As the super-heated exhaust hit torrents of cooling water flooding the B-2 test stand’s flame deflector directly below the engine nozzles, a churning jet of steam blasted away to one side sending billowing white clouds into the clear Mississippi sky.
While rockets quickly fade from view and hearing as they climb toward space, the SLS booster remained in place, flooding the countryside with a roar as the main engines began consuming the rocket’s load of more than 700,000 gallons of liquid oxygen and hydrogen propellants.
Mirroring the procedures that will be needed when the rocket takes off for real, the engines were expected to throttle down about one minute after ignition to simulate passage through the region of maximum aerodynamic stress. The engine nozzles then were to be hydraulically moved to verify the flight computer’s ability to steer the huge rocket as required.
But about 50 seconds after engine ignition, a test controller called out “MCF on engine 4,” using an acronym that stands for “major component failure.” The test director replied, “copy that, but we’re still running, still got four good engines, right?”
It appeared so, but a few seconds later the exhaust plume of an engine, presumably No. 4, began changing, dropping in intensity even as a controller reported several “violations” in the telemetry stream. Moments later, the test conductor called “we’ve got a shutdown.”
Honeycutt said there was an unusual “flash” near flexible insulation blankets at the interface between engine No. 4’s nozzle and the rocket’s aft bulkhead around the time the nozzle steering tests had been planned. But he had no insights into what caused the flash or what it might have indicated.
The abort was a disappointing conclusion to the long-awaited test, which engineers had planned to run for the full eight minutes it will take the rocket to climb to space on its maiden flight. NASA managers were expected to provide an update later Saturday on what might have gone wrong.
For an actual launch, the Boeing-managed Space Launch System first stage will be attached to a pair of Northrop Grumman solid-fuel boosters, each one generating 3.6 million pounds of thrust, and a hydrogen-fueled upper stage topped off by a Lockheed Martin Orion crew capsule.
The fully assembled SLS rocket will weigh 5.75 million pounds, stand 322 feet tall and generate 8.8 million pounds of thrust at liftoff, making it the most powerful operational rocket in the world.
The solid-fuel boosters have been tested on their own at a Northrop Grumman manufacturing facility in Utah.
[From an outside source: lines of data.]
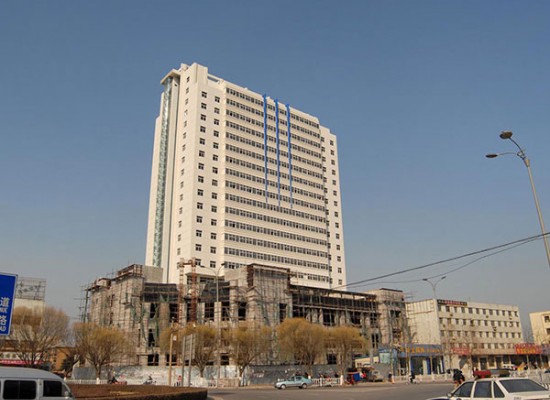 Puyang Depo Building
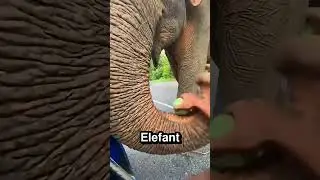 Der Mann fütterte den Elefanten mit Wassermelonen aber er gab sie seinen Kindern 🍉 🐘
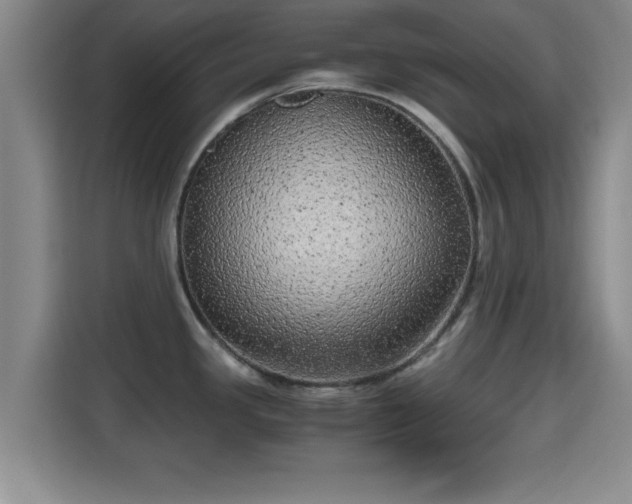 X0000115371341200911101238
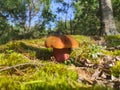 Satanic devils mushroom grow in moss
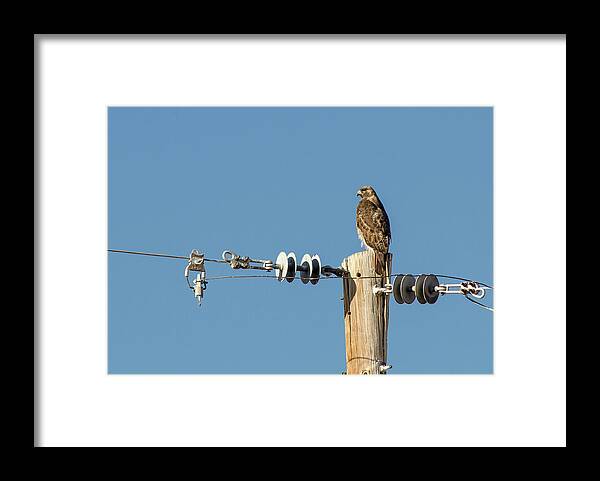 Hawk Framed Print featuring the photograph Red Tailed Hawk by Rick Mosher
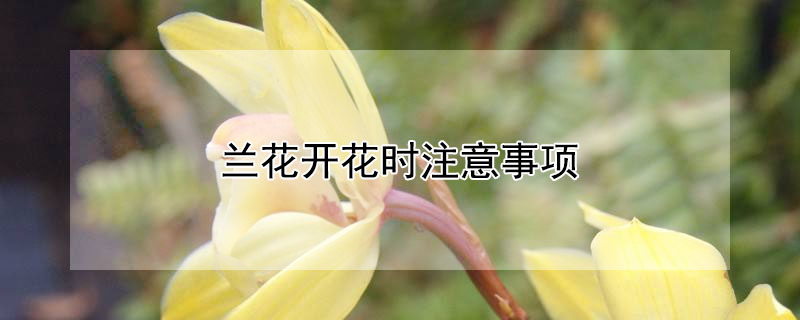 兰花开花时注意事项 兰花开了花注意事项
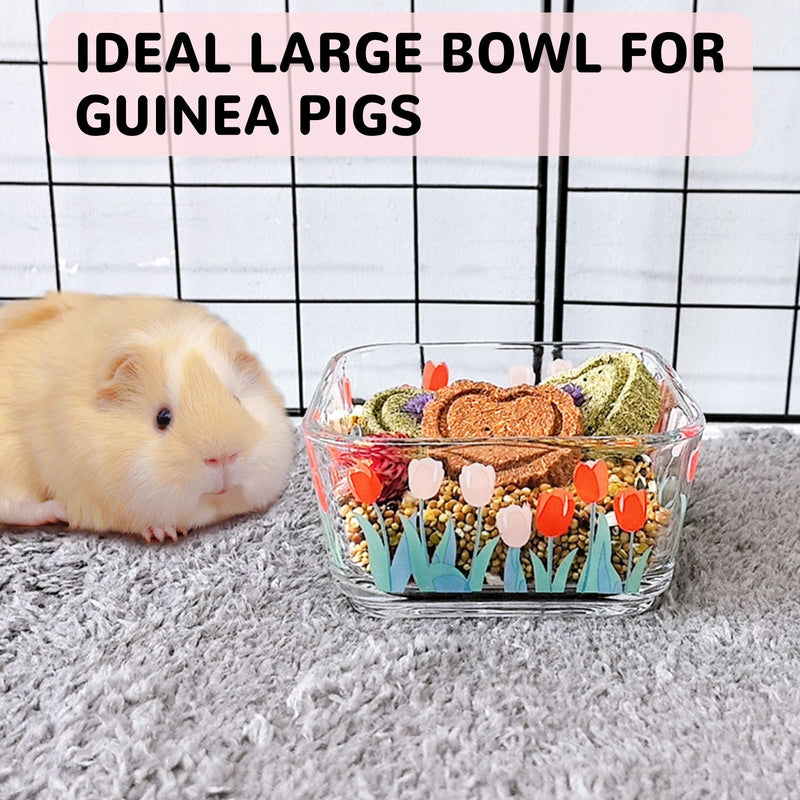 Hamster Food Bowl Glass Tulip Guinea Pig Food Dish Bowl Bunny Feeding & Water Bowls for Small Animals Syrian Hamsters Gerbil Ferret Mice Rats Rabbit Chinchilla Hedgehog (2 Pack) - BeesActive Australia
The test Saturday was designed to put the hydrogen-fueled RS-25 engines through their paces, along with the booster’s propulsion system and avionics.
The hot fire, also known as a “green run” test, was expected to set the stage for the planned Artemis 1 mission late this year, an unpiloted test flight to send the Orion capsule on a flight 40,000 miles beyond the moon and back.
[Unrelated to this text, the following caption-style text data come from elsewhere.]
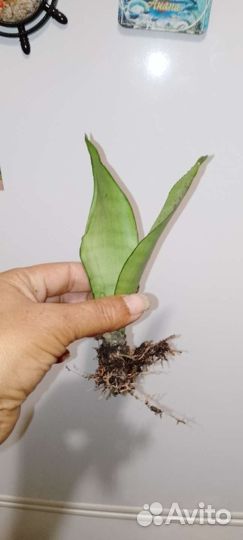 Сансевиерия муншайн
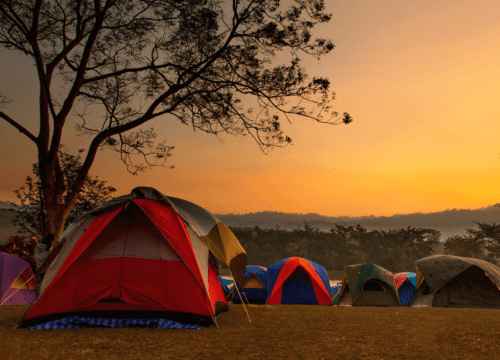 Camping & Nature Stays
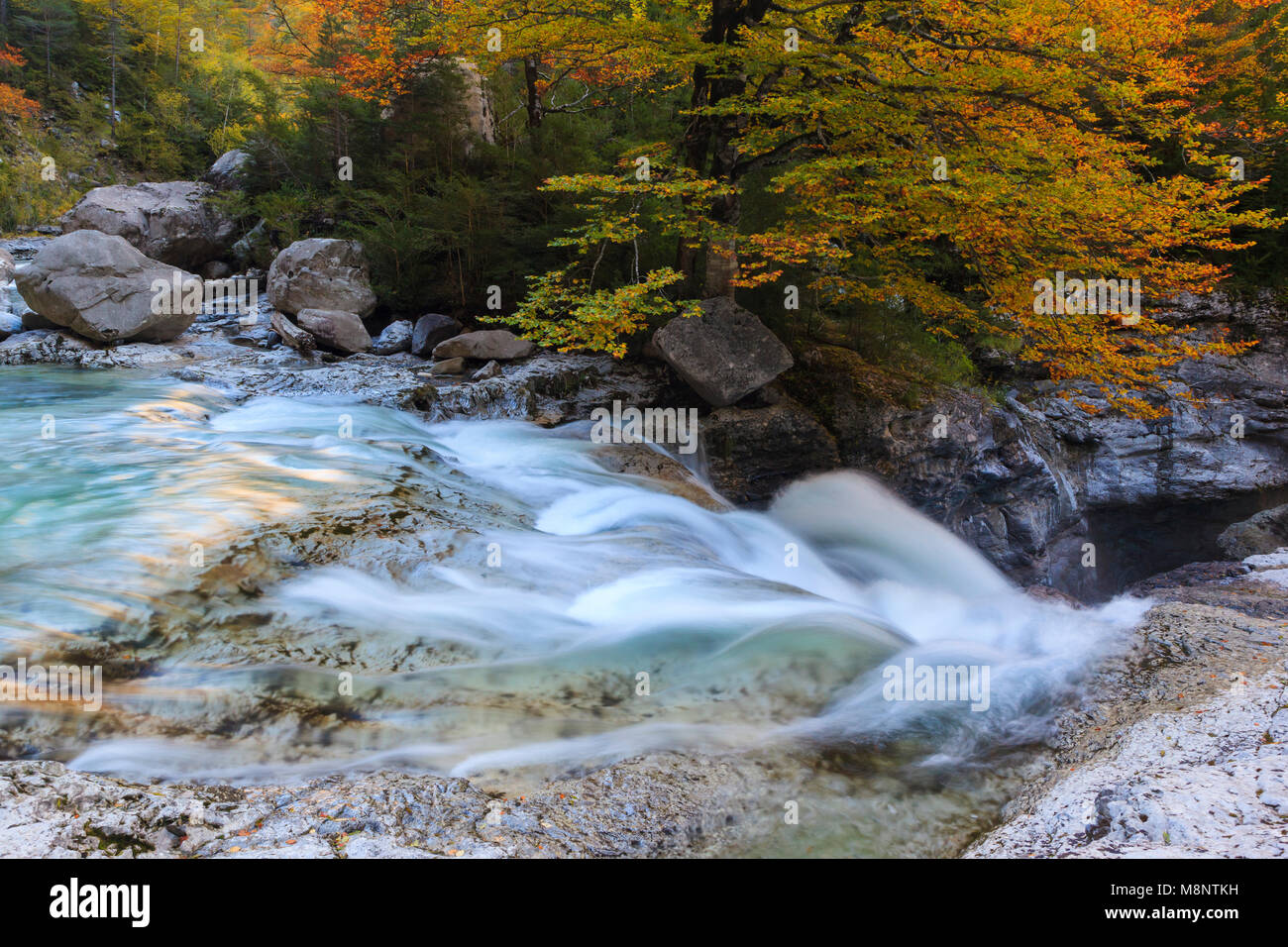 Cascata, Bellós fiume e faggi, Cañón de Añisclo a Ordesa National Park, Huesca, Aragona, Spagna, Europa Foto Stock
NASA has been working to a Trump administration schedule that called for the first piloted SLS-Orion flight — Artemis 2 — in 2023, followed by a moon landing using the third SLS rocket by the end of 2024.
But Congress has not yet provided the full funding needed for a new moon lander and the 2024 target date is no longer considered feasible. The Biden administration has not yet outlined its plans for NASA and the Artemis program.
As it stands, SLS development is well over budget and at least two years behind schedule. NASA’s inspector general reported last March that total SLS program costs were expected to climb above $18 billion by the time the Artemis 1 rocket finally takes off.
The delays and high costs have prompted debate about the need for the SLS to ferry astronauts to the moon given the availability of less powerful but much less expensive SpaceX Falcon Heavy rockets and other heavy-lift boosters now in development.
But NASA managers say the SLS is the only rocket available in the near term that is capable of accommodating the Orion crew capsule and other large components envisioned for the Artemis program.